* EXERCISE DETAILS *
Look in the data below for the line that has "Building Photo - SUPER", then print exactly every line from there through the line that has "Lounge and dining", leaving pictures out.

____

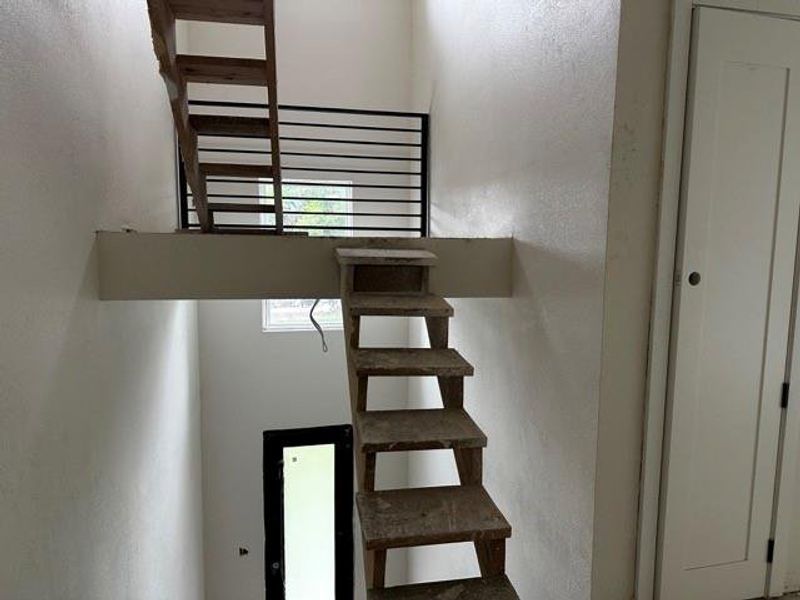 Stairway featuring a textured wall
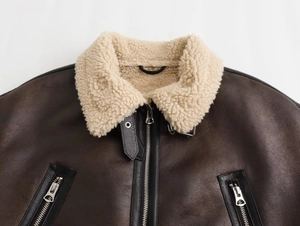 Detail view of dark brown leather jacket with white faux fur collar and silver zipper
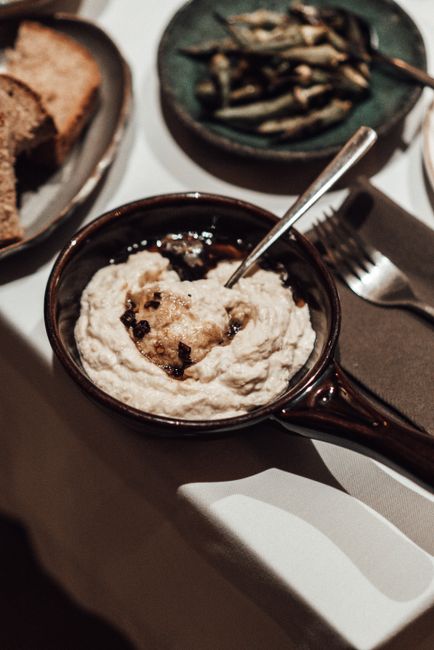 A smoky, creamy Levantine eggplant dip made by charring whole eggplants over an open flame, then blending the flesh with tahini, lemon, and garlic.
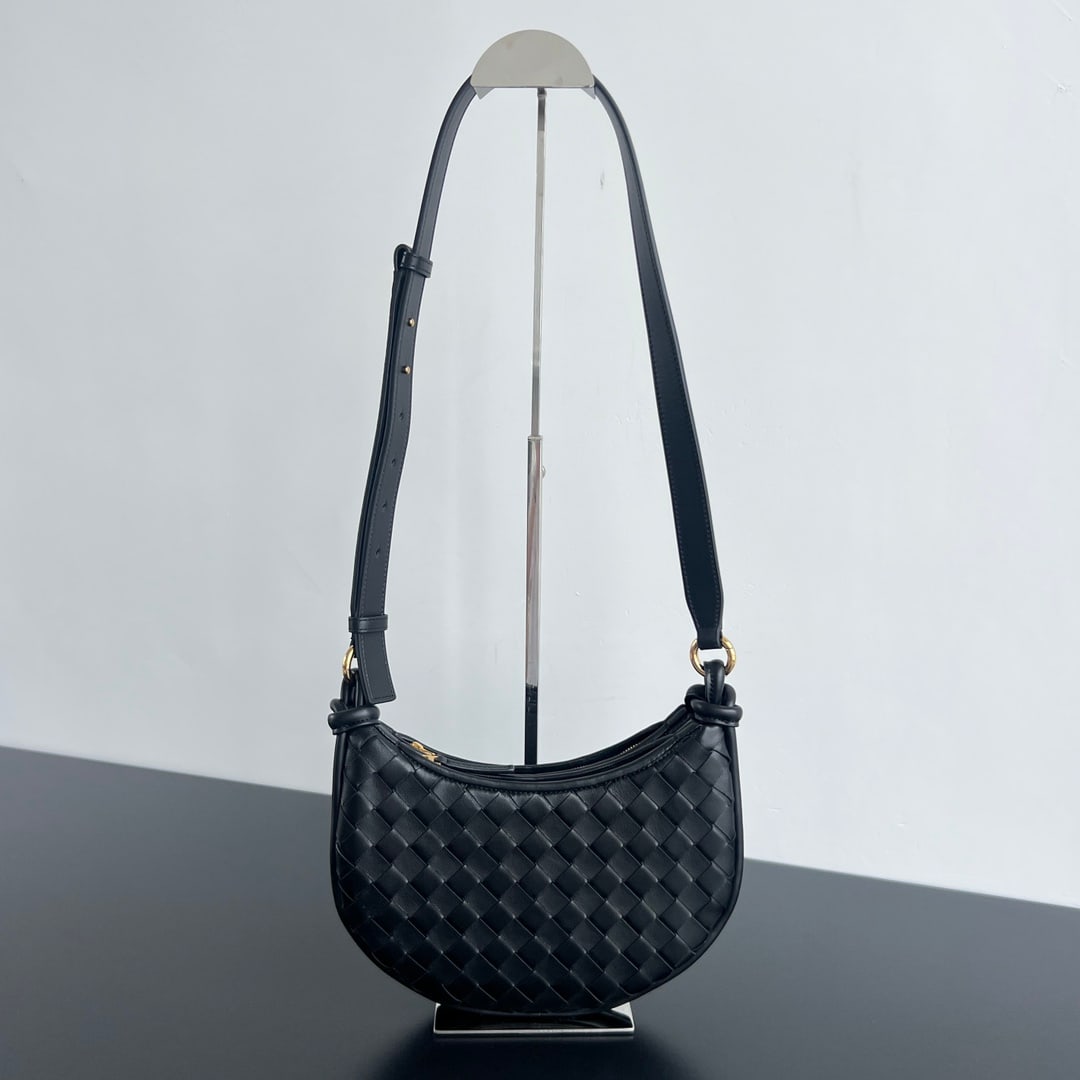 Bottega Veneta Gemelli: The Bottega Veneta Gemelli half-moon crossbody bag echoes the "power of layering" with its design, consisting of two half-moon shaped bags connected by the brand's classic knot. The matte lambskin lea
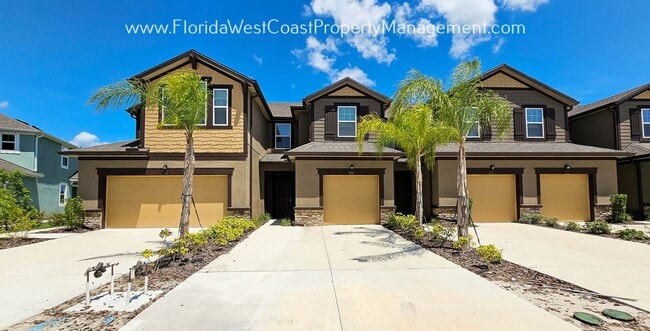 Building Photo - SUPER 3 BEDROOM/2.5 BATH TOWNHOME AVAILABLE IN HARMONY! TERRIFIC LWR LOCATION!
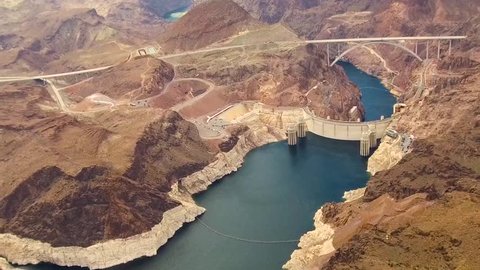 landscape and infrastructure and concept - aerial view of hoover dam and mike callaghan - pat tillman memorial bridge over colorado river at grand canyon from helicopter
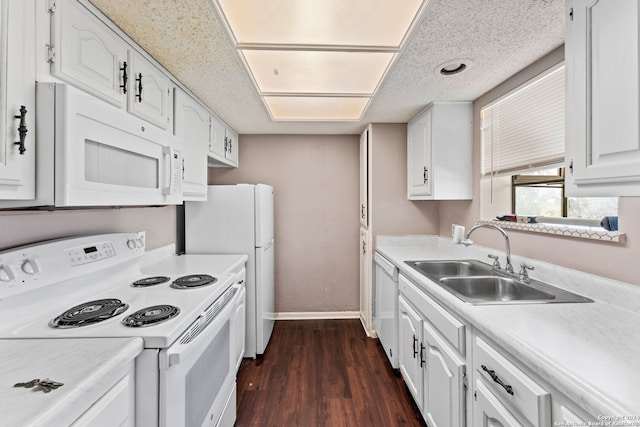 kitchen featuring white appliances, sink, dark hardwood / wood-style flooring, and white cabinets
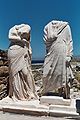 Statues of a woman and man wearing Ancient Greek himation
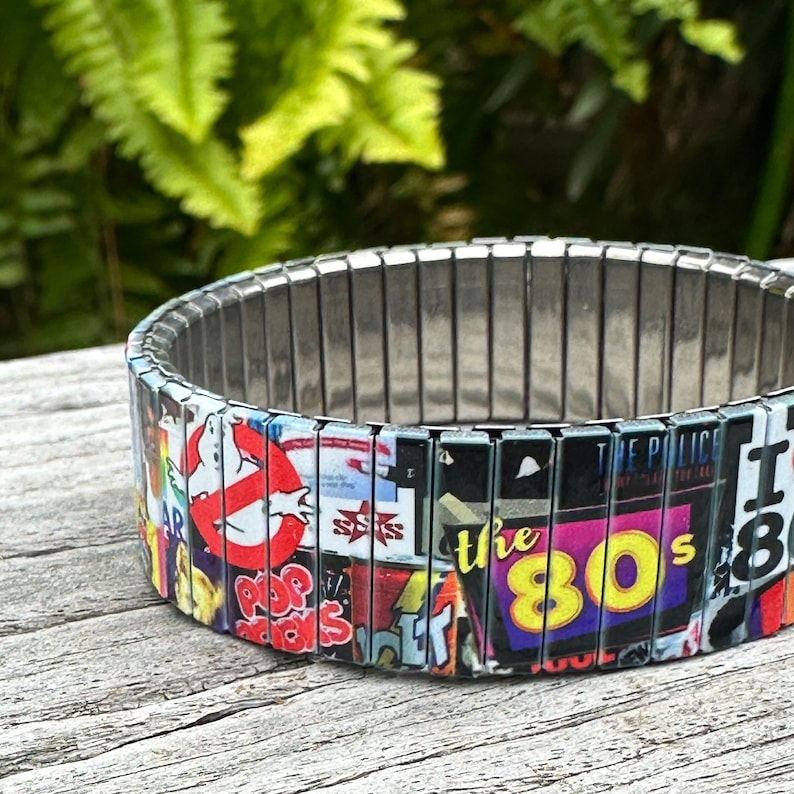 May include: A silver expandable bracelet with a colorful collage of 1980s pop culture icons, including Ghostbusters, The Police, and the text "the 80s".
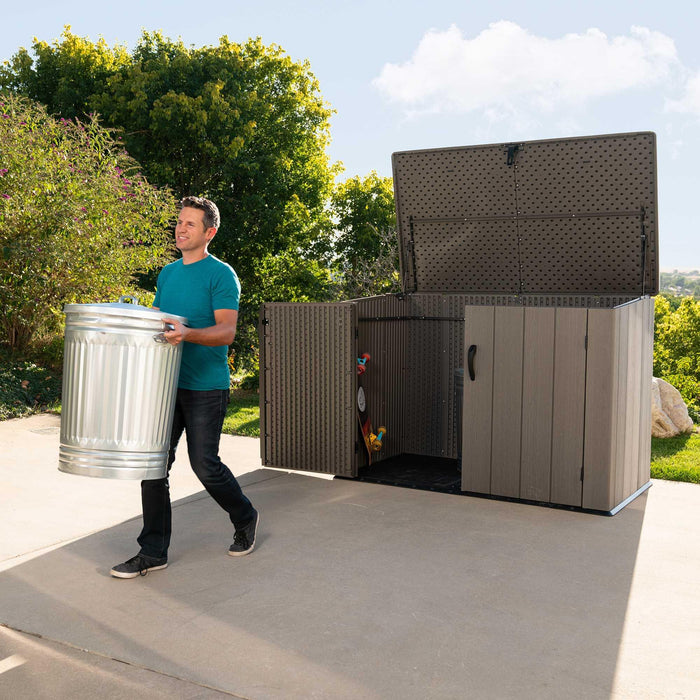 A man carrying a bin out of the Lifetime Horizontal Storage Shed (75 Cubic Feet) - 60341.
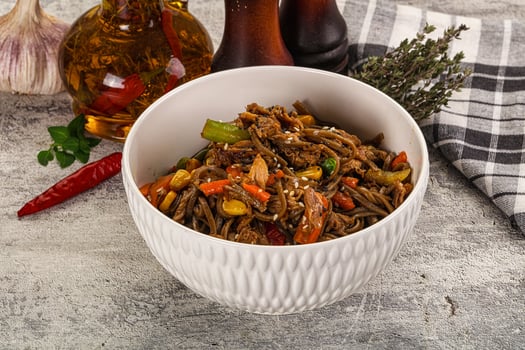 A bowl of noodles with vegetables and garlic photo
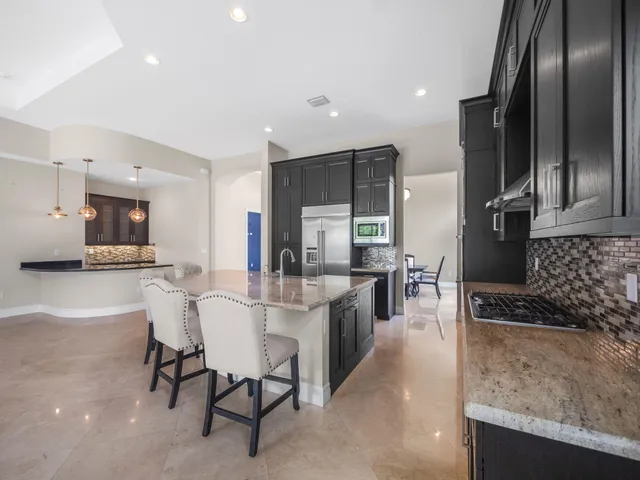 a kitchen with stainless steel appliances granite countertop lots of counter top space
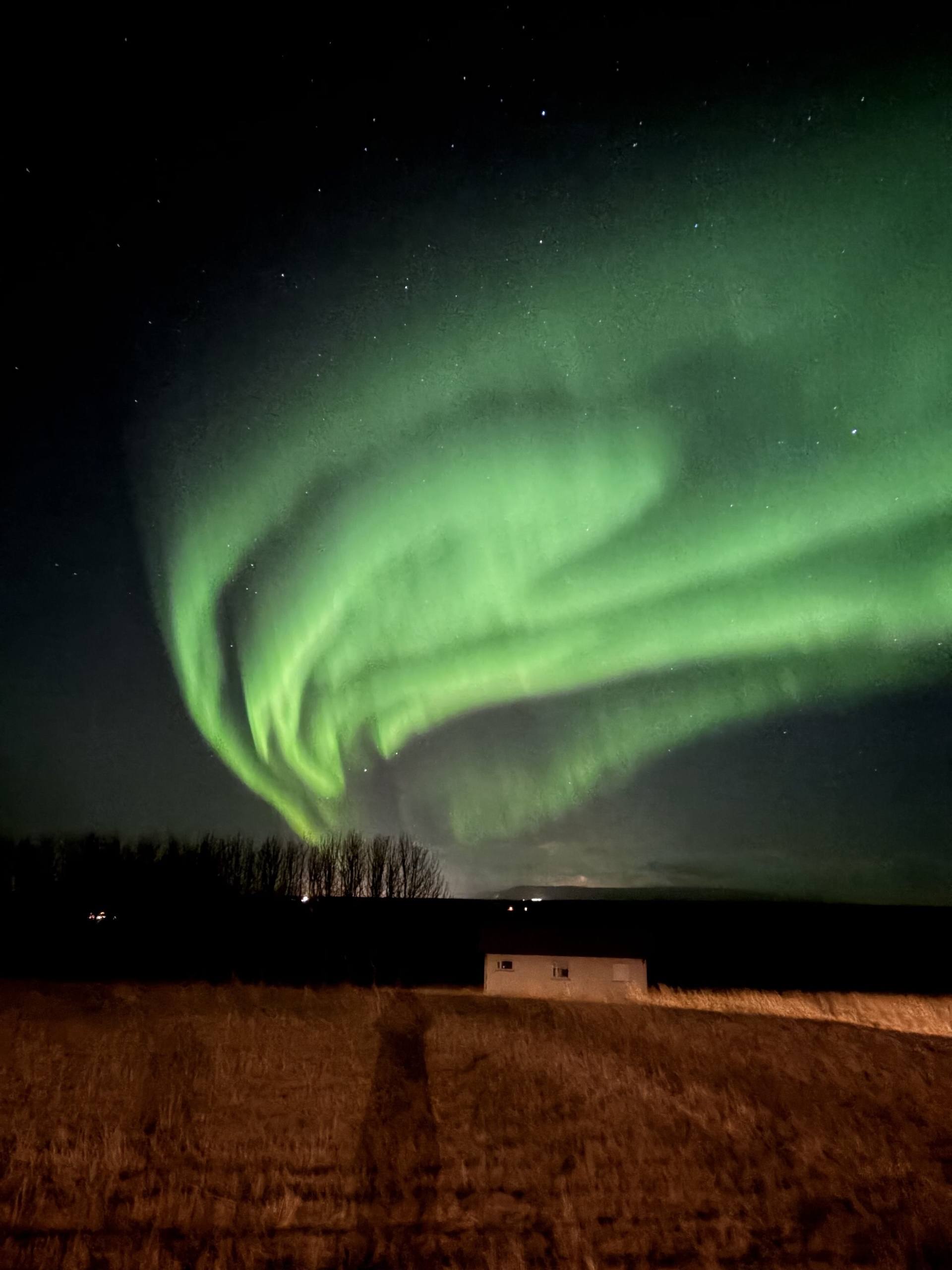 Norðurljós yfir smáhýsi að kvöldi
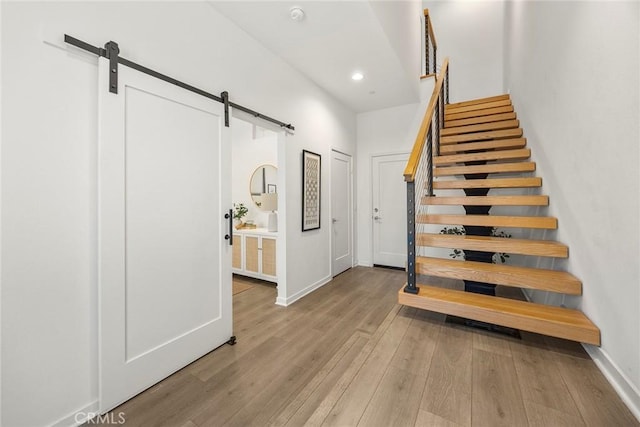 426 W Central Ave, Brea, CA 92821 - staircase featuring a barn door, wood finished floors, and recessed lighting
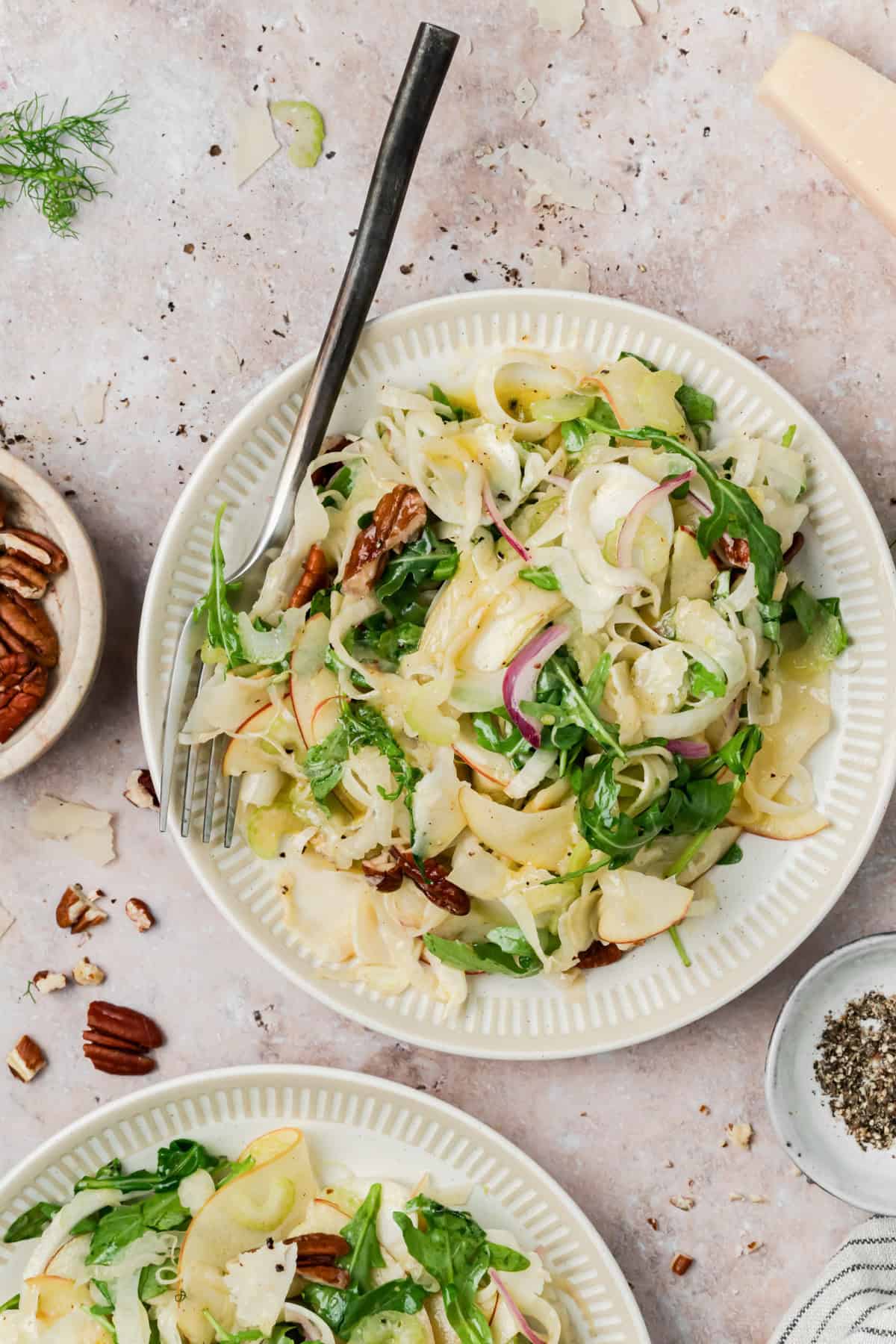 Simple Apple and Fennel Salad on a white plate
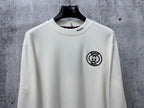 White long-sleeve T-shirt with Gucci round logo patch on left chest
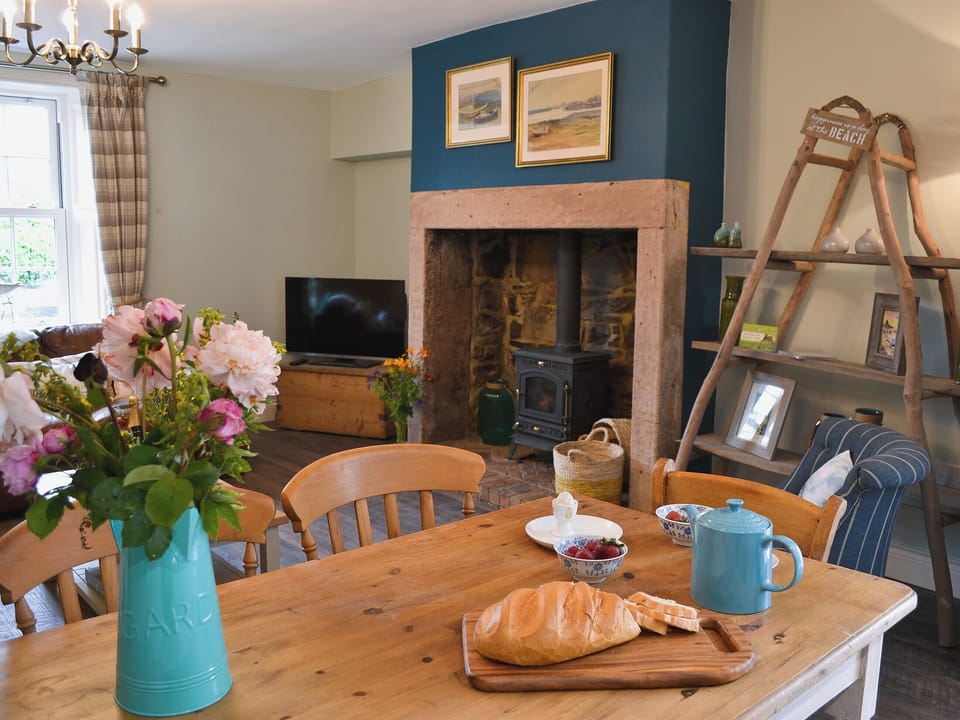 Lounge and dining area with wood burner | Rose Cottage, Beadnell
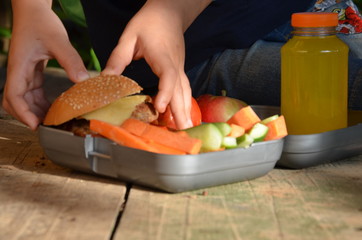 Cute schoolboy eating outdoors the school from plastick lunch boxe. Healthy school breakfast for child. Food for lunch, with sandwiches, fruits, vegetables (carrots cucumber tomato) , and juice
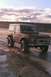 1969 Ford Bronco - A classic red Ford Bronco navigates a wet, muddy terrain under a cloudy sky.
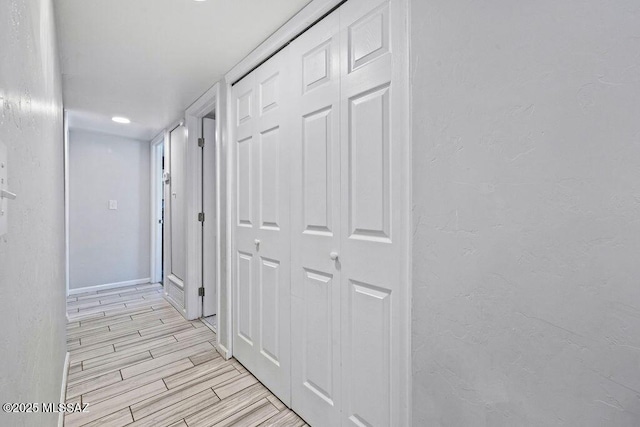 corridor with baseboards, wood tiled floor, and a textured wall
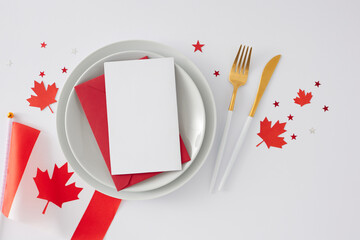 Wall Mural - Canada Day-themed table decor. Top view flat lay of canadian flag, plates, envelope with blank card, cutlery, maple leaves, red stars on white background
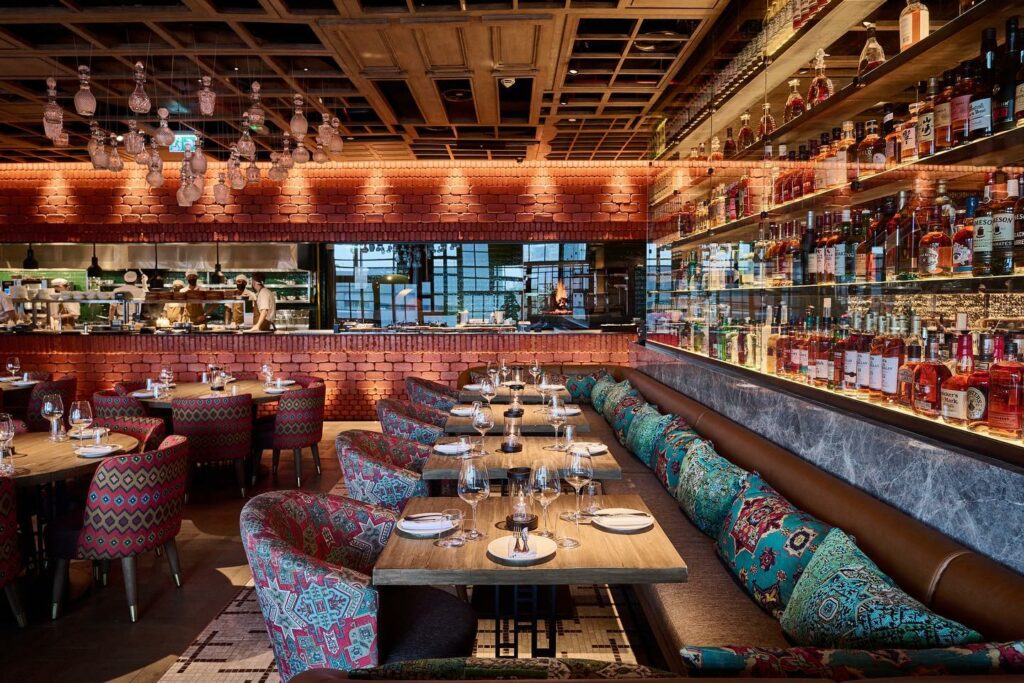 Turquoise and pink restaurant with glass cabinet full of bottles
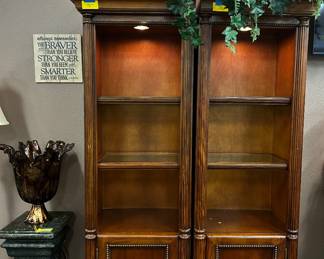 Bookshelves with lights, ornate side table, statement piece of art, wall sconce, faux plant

____

* RESPONSE AREA *
 Building Photo - SUPER 3 BEDROOM/2.5 BATH TOWNHOME AVAILABLE IN HARMONY! TERRIFIC LWR LOCATION!
 landscape and infrastructure and concept - aerial view of hoover dam and mike callaghan - pat tillman memorial bridge over colorado river at grand canyon from helicopter
 kitchen featuring white appliances, sink, dark hardwood / wood-style flooring, and white cabinets
 Statues of a woman and man wearing Ancient Greek himation
 May include: A silver expandable bracelet with a colorful collage of 1980s pop culture icons, including Ghostbusters, The Police, and the text "the 80s".
 A man carrying a bin out of the Lifetime Horizontal Storage Shed (75 Cubic Feet) - 60341.
 A bowl of noodles with vegetables and garlic photo
 a kitchen with stainless steel appliances granite countertop lots of counter top space
 Norðurljós yfir smáhýsi að kvöldi
 426 W Central Ave, Brea, CA 92821 - staircase featuring a barn door, wood finished floors, and recessed lighting
 Simple Apple and Fennel Salad on a white plate
 White long-sleeve T-shirt with Gucci round logo patch on left chest
 Lounge and dining area with wood burner | Rose Cottage, Beadnell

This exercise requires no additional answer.